呂太夫に「たっぷり」!「国立劇場2月文楽公演(2019)」(第二部)初心者向けオススメ度の星評価!


 好評の文楽初心者向け、オススメ度の星評価表!!現在東京・国立劇場小劇場で公演されている「2月文楽公演」(第二部)の初心者向けのオススメ度表です。★が多いほど必見です。満点は★★★★★。公演会場での「盛り上がり度」、「眠っている人度」、「口コミ度」などを総合的に判断しました。★:オススメ、☆:イマイチ

<第二部>
★★★★☆(1)大経師昔暦(14:30-17:23)
 平成31年国立劇場文楽第二部は、近松門左衛門の作品「大経師昔暦(だいきょうじむかしごよみ)」です。この作品は心中ものではなく、姦通罪を扱った作品となります。テーマも重たいですし、結末も重たい。「え、こんな結末で終わってしまうの?」とストレスがたまること間違いないのですが、これも近松門左衛門のなせる技。文楽初心者は、ぜひこの不条理な近松作品を味わうべき、ということで四つ星です。

 そもそもタイトルが難しいですよね。「大経師(だいきょうじ)」。これは、大経師さんという、江戸時代に暦を売って生業としていた商家が舞台となっていますので、このようなタイトルになっています。この作品は「恋八卦柱暦(こいはっけはしらごよみ)」と改題されたこともあるとのことです。
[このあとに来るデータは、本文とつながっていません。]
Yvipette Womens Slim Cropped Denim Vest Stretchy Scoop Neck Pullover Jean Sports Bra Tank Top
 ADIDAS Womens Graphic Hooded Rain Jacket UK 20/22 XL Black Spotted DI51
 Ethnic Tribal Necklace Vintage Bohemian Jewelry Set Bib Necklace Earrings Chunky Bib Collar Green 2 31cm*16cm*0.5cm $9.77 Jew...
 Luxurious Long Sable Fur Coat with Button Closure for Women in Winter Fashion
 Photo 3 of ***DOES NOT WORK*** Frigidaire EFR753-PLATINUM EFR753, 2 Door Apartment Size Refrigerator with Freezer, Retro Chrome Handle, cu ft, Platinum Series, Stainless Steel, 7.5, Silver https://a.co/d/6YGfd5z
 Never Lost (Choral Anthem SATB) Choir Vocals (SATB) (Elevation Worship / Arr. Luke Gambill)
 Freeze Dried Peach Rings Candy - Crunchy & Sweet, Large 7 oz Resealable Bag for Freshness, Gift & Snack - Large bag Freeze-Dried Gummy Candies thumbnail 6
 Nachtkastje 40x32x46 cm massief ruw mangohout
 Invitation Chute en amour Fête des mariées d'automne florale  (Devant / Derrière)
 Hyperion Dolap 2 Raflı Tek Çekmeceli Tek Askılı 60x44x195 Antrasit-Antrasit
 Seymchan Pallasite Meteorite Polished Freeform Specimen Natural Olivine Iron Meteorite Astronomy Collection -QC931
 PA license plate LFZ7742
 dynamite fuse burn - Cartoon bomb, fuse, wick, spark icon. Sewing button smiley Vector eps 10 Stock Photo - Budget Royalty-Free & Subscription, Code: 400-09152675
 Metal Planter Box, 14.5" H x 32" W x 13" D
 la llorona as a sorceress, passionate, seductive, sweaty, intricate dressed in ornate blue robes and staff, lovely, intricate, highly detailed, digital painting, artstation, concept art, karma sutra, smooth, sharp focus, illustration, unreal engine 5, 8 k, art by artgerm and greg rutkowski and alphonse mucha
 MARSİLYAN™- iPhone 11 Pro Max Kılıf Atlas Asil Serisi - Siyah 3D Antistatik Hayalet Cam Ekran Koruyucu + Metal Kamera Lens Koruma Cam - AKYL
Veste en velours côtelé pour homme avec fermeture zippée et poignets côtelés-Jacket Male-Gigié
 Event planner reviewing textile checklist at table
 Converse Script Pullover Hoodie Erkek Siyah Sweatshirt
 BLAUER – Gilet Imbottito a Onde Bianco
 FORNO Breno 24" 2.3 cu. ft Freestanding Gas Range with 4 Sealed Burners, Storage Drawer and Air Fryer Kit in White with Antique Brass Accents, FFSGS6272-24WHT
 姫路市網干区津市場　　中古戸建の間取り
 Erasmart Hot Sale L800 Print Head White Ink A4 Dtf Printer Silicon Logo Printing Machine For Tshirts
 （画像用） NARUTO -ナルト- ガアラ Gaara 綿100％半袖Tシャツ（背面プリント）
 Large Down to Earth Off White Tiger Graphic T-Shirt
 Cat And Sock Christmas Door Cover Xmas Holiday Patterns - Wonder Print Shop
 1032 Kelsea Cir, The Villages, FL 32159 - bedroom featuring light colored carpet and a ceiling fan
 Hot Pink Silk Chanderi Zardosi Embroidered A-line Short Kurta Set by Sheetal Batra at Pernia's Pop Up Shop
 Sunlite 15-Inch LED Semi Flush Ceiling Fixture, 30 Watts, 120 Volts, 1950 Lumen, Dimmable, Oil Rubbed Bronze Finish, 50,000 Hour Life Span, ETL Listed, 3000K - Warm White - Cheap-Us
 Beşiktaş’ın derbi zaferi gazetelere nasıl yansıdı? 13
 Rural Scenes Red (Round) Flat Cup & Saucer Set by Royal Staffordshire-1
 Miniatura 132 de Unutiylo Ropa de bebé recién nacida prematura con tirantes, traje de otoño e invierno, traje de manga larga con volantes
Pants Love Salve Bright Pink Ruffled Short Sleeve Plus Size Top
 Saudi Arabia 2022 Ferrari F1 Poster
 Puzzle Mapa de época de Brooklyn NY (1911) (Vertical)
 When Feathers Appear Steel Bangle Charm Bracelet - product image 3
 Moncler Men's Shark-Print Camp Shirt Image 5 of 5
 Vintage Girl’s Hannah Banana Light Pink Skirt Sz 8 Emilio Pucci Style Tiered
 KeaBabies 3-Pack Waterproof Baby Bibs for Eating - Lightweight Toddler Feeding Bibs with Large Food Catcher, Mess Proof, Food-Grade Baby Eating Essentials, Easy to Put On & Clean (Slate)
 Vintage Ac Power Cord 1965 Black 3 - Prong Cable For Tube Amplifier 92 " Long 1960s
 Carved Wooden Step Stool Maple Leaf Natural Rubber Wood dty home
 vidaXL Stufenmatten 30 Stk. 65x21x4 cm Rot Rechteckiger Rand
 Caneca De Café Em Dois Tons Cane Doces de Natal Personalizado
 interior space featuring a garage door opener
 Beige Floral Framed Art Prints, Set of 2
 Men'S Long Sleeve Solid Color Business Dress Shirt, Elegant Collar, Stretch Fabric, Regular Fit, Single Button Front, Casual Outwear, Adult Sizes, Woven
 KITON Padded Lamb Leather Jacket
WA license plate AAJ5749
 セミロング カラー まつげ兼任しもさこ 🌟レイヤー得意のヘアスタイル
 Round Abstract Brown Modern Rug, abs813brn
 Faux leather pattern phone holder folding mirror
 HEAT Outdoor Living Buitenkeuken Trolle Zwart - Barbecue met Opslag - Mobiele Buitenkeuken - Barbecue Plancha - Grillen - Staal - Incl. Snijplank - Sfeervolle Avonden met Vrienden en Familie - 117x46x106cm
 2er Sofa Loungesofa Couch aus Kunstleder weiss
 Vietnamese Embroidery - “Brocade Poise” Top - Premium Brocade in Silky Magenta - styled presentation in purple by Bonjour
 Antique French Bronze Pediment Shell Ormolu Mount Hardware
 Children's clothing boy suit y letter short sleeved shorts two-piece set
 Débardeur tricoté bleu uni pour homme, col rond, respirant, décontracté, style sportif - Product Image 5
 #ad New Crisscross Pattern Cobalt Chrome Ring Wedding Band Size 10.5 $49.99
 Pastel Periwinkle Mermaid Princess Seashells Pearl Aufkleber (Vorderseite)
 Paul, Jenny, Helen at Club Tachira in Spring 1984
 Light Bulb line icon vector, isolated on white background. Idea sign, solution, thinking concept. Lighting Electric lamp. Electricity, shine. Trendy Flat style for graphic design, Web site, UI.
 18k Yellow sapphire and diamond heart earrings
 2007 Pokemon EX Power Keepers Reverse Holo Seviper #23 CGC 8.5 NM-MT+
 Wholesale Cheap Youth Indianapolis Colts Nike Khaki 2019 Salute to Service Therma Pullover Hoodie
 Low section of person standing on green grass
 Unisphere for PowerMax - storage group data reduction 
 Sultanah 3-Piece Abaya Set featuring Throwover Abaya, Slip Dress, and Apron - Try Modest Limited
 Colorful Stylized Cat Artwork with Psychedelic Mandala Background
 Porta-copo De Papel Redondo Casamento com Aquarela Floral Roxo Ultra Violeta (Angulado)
 ストーリーは、大経師宅の主人である以春(いしゅん)の奥さん、「おさん」と手代の「茂兵衛」がふとした間違いにより男女の関係となってしまい、その仲立ちたってなんとか助けようとした下女の「玉」がこれにからむという、この3人の人間模様を軸として物語が展開していきます。

 最後はかなり悲惨な結末です。あまりにも哀しい終わり方で会場全体が絶句、という感じでどんよりとした空気が流れていました。最後に玉はおじの梅龍の手にかかり、生首となって登場するのですが、「梅龍、いったいなんてことしてくれたんだ!」という聞こえない叫びが会場のあちこちから聞こえてくるようでした。この不条理は、どうにもならないというじれったい感じは、さすがに近松門左衛門作品です。曽根崎心中の九兵衛のいじわるに通じる、自然と組み込まれてしまったなにか避けられない哀しさ、流れ、不条理さを味わえると思います。くわしいストーリーはぜひ会場で実感していただきたいと思います。

 イヤホンガイドでは、みどころにひとつは「大経師の段」の幕切れとのことです。この段切りでは、音楽がなくさーっと幕が引かれて幕がしまる、というところが見どころとのことですが、なんだかよくわかりませんでした。そうか、いつもは拍子木とともに幕が引かれるけど、その拍子木がたしかになかったような気もしますね。勉強します。

 そして、この「大経師内の段」の後半パートにあたる「奥」の儀太夫は竹本文字久太夫が担当しますが、この公演をもって改名するので、このお芝居が見納めということを言っていましたよ。 「豊竹藤太夫」(とよたけとうだゆう) とがらりとかわるそうです。注目しましょう。

 そして「岡崎村梅龍内の段」の「奥」では、豊竹呂太夫の登場です。会場からは「まってました」「たっぷり」というかけ声がかかっていました。この文楽の大向こうさんのようなかけ声、歌舞伎と比べて控えめな感じがけっこうよいですよね。「たっぷり」もなんだか親しみが持てます。

 しかし、この「岡崎村梅龍内の段」は結構ながい。眠っている人が多数いました。みなさんもしっかり予習して眠らないようにしましょう。みなさま、ありがとうございました。